Kafka Logging

Cloudera Streaming Analytics include a Kafka log appender to provide a production grade solution. You can use Kafka logging to have a scalable storage layer for the logs, and you can also integrate with other logging applications with more simpler solutions.

By default, Flink logs are directed to files that can be viewed on the Flink GUI independently for each container. This solution is a best practice for a YARN application defaults, but long running production applications are lacking this function.

The log appender in the Flink parcel collects the logs into Kafka topics in a JSON format that is designed for downstream consumption in an enterprise log aggregation framework.
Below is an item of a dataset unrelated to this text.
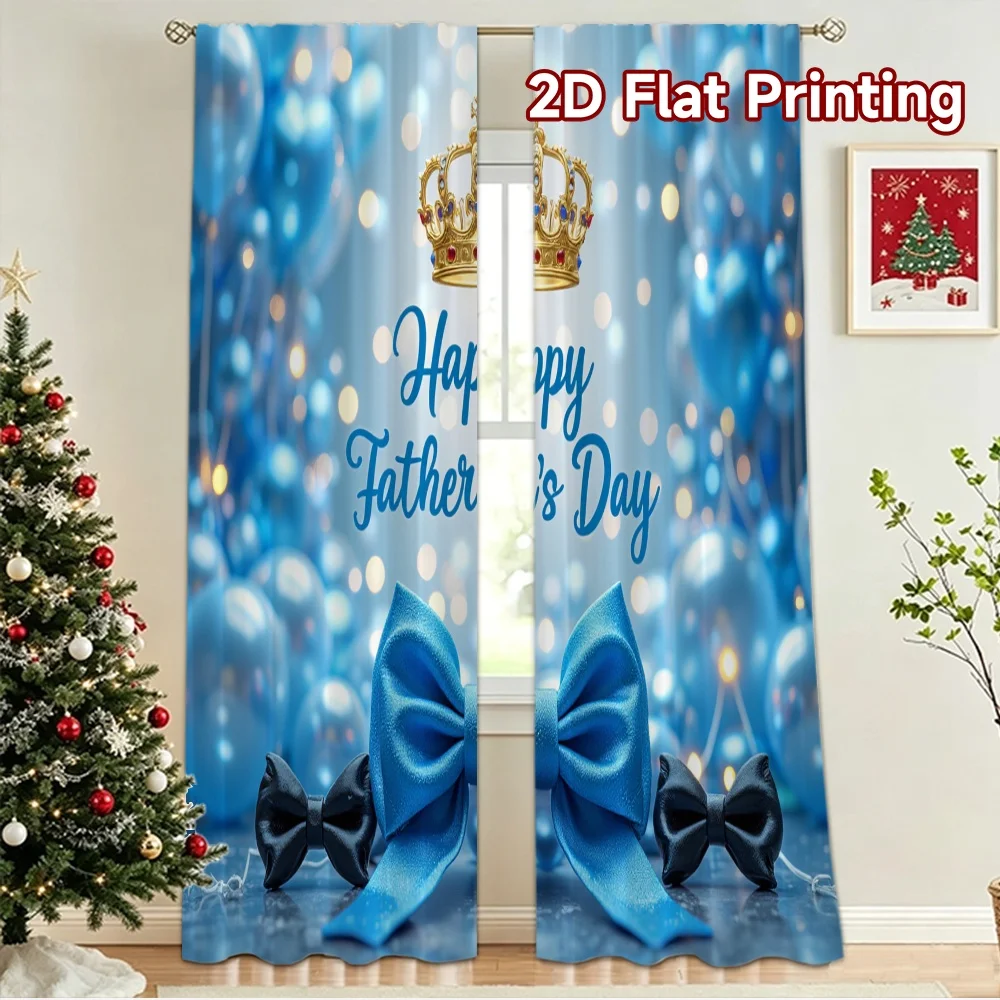 2D flat 2pcs Curtain Home Short Curtains Father's Day Crown Bows Durable polyester fiber Holiday Decorations for Booths Studio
There are several benefits of storing the logs in Kafka:
  • Provides a scalable storage layer for the logs
  • Integrates easily with existing applications that has a simple logger configuration

To enable Kafka based logging, include the following log configuration in the Cloudera Manager Flink configuration page:

# Enable both file and kafka based logging
rootLogger.appenderRefs=file, kafka
rootLogger.appenderRef.kafka.ref=KafkaAppender

appender.kafka.name=KafkaAppender
appender.kafka.type=Kafka
appender.kafka.topic=flink.logs

# Log layout configuration
appender.kafka.layout.type=JSONLayout
appender.kafka.layout.yarnContainerId.type=KeyValuePair
appender.kafka.layout.yarnContainerId.key=yarnContainerId
appender.kafka.layout.yarnContainerId.value=${sys:yarnContainerId}

# Kafka configuration
appender.kafka.bootstrapServers.type=Property
appender.kafka.bootstrapServers.name=bootstrap.servers
appender.kafka.bootstrapServers.value=<kafka_broker>:9092

With this configuration, logs are written to the flink.logs topic in JSON format. The topic contains an extra field with the YARN container identifier for easier log separation.
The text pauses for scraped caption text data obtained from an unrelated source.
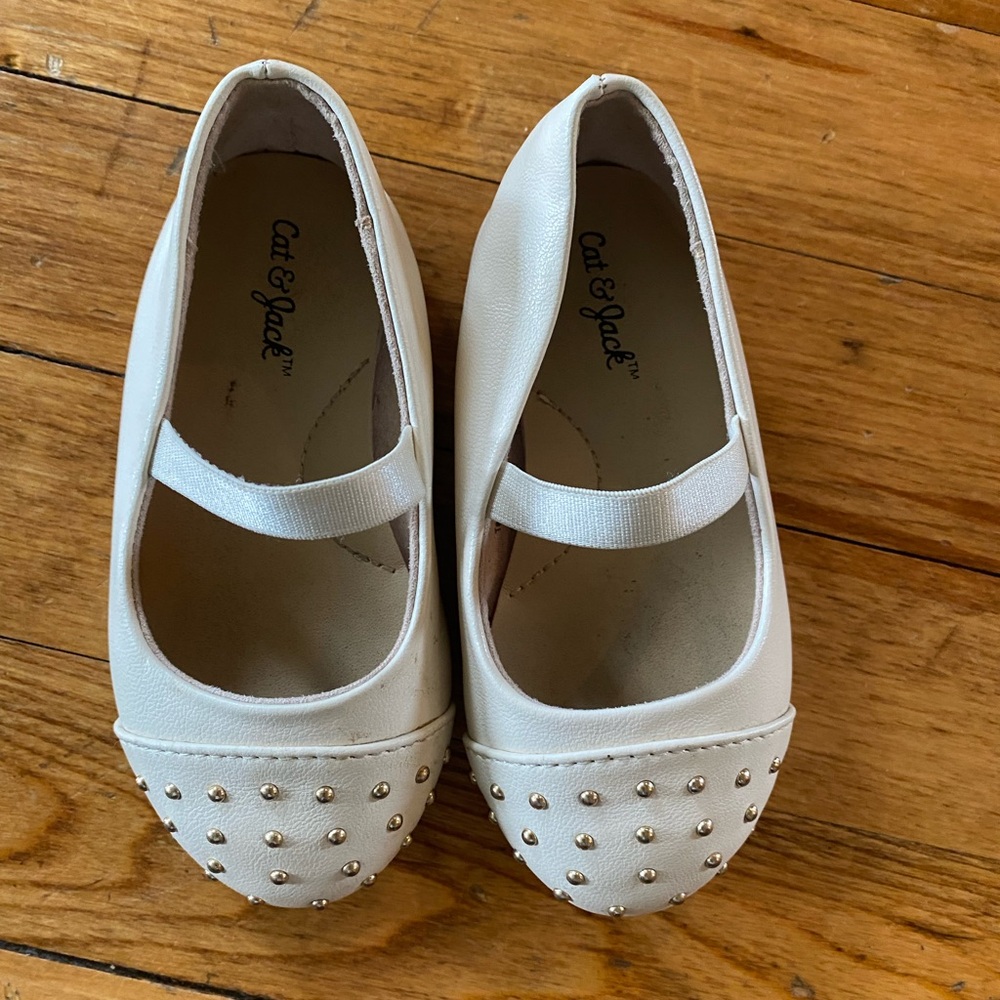 Cat & Jack Cream Studded Mary Jane Flats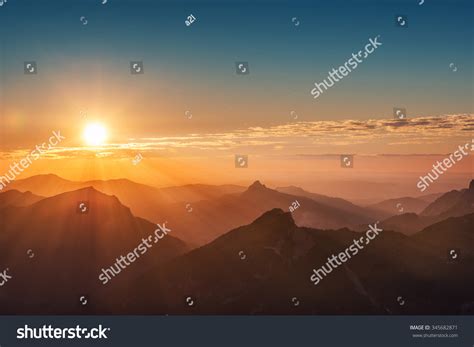 Colorful Sunset On Top Austrian Mountain Stock Photo Edit Now 345682871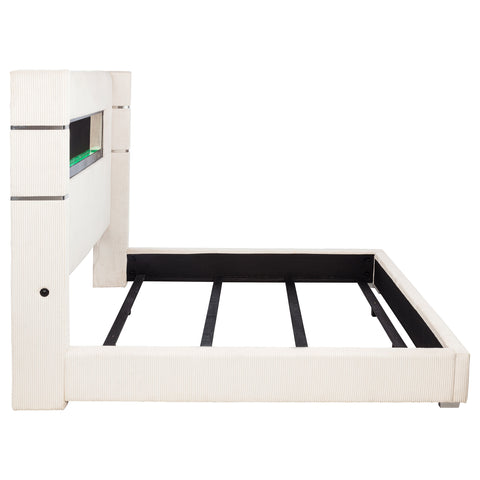 Ortega 67-inch Upholstered Eastern King Fireplace Bed BlackCream
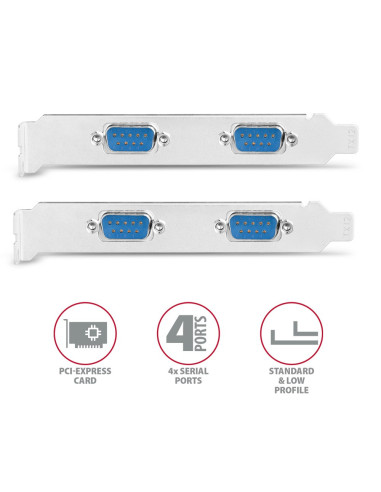 Axagon Pcea-Psn Pcie- Mit 4X Seriell-Ports - Asix Ax99100 Chipsatz Adapter Wewnętrzny Rs-232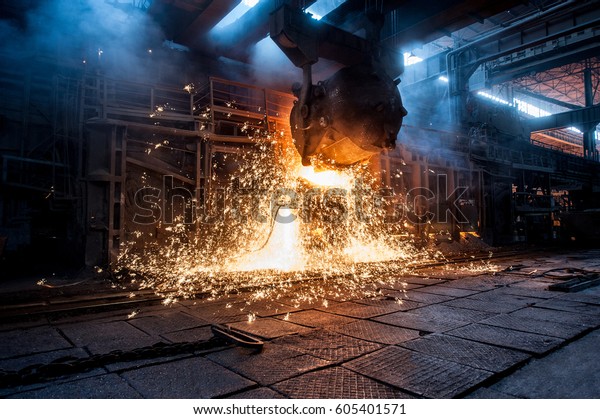 Pouring of liquid\
metal in open-hearth\
furnace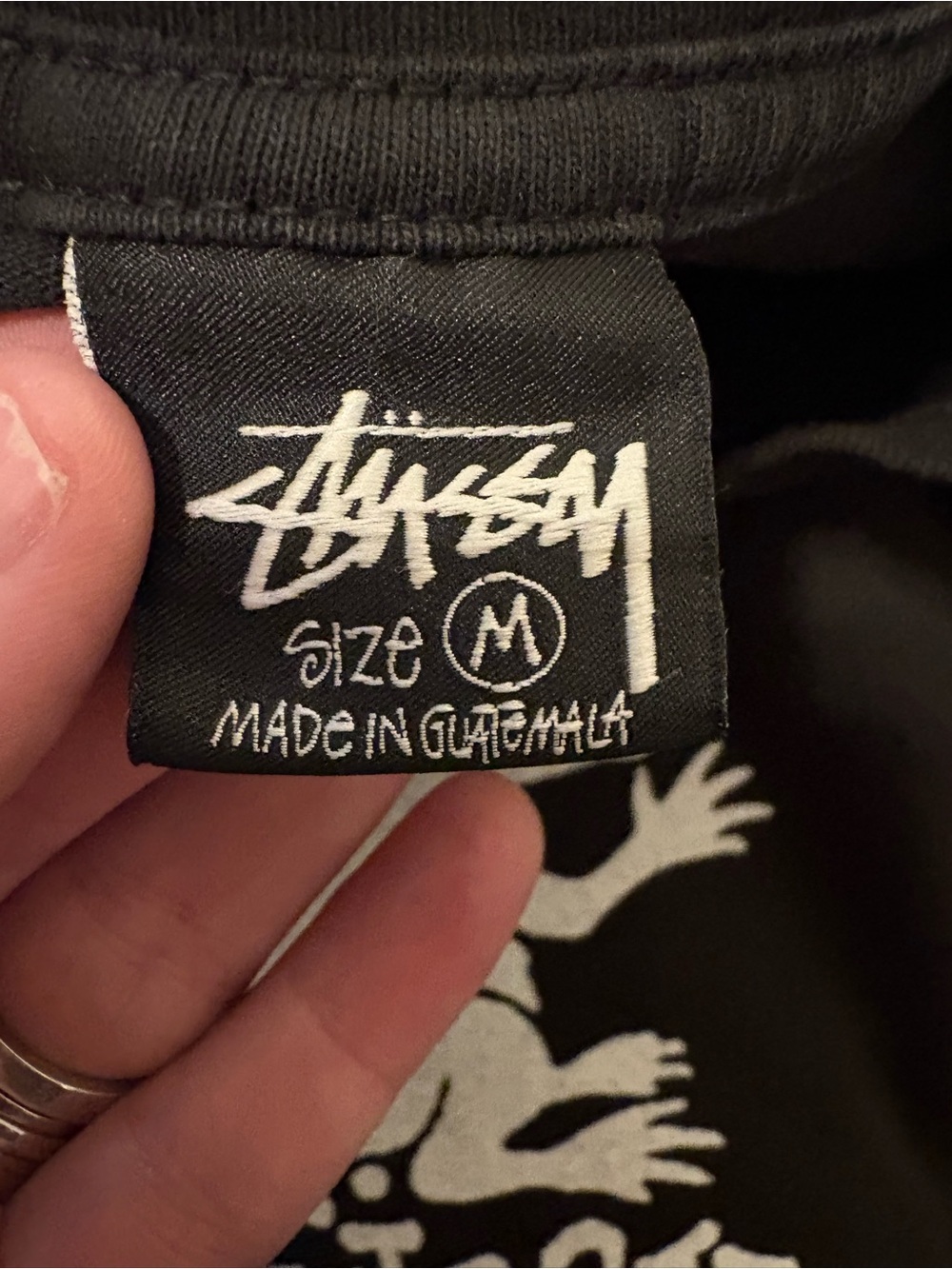 Stussy Black Tee with White Logo Tag and Graphic - Picture 3 of 3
These additional logging configurations are added to the default Flink log4j.properties file. Any duplicate key overrides the previously configured values in the file.

When set up correctly the resulting logs should be similar to the following:
{
  "instant" : {
	"epochSecond" : 1617121475,
	"nanoOfSecond" : 347000000
  },
  "thread" : "Legacy Source Thread - Source: Heap Monitor Source -> (Sink: Print to Std. Out, Create Alerts -> Sink: Logger Sink) (1/1)#0",
  "level" : "INFO",
  "loggerName" : "com.cloudera.streaming.examples.flink.LogSink",
  "message" : "HeapAlert{message='42 was found in the HeapMetrics ratio.', triggeringStats=HeapMetrics{area=PS Old Gen, used=19907592, max=465567744, ratio=0.04275981799976246, jobId=0, hostname='<flink-host>'}}",
  "endOfBatch" : false,
  "loggerFqcn" : "org.apache.logging.slf4j.Log4jLogger",
  "threadId" : 71,
  "threadPriority" : 5,
  "yarnContainerId" : "container_1617025719919_0004_01_000002"
}

Security

In a secure environment with Kerberos and TLS enabled, add the following extra parameters:
appender.kafka.secProp1.type=Property
appender.kafka.secProp1.name=security.protocol
appender.kafka.secProp1.value=SASL_SSL
appender.kafka.secProp2.type=Property
appender.kafka.secProp2.name=sasl.mechanism
appender.kafka.secProp2.value=GSSAPI
appender.kafka.secProp3.type=Property
appender.kafka.secProp3.name=sasl.kerberos.service.name
appender.kafka.secProp3.value=kafka
appender.kafka.secProp4.type=Property
appender.kafka.secProp4.name=ssl.truststore.location
appender.kafka.secProp4.value=/samePathOnAllNodes/truststore.jks
appender.kafka.secProp5.type=Property
appender.kafka.secProp5.name=ssl.truststore.password
appender.kafka.secProp5.value=<truststore_password>
appender.kafka.secProp6.type=Property
appender.kafka.secProp6.name=sasl.jaas.config
appender.kafka.secProp6.value=com.sun.security.auth.module.Krb5LoginModule required useKeyTab=true keyTab="<keytab_file_name>" principal="<user_name>";
Furthermore, by default the secure Kafka broker is on port 9093, you also need to change the port at the Kafka log appender configuration:
appender.kafka.bootstrapServers.value=<kafka_broker>:9093

Log configuration file

As an alternative, you can also include the log configuration file when you run a Flink job. It has to be added as a -yD argument:
flink run
  ... 
  -yD logging.configuration.file=<path_to_log_config_file>
  ...
This way you can use XML configuration as well, while Cloudera Manager only supports the properties format.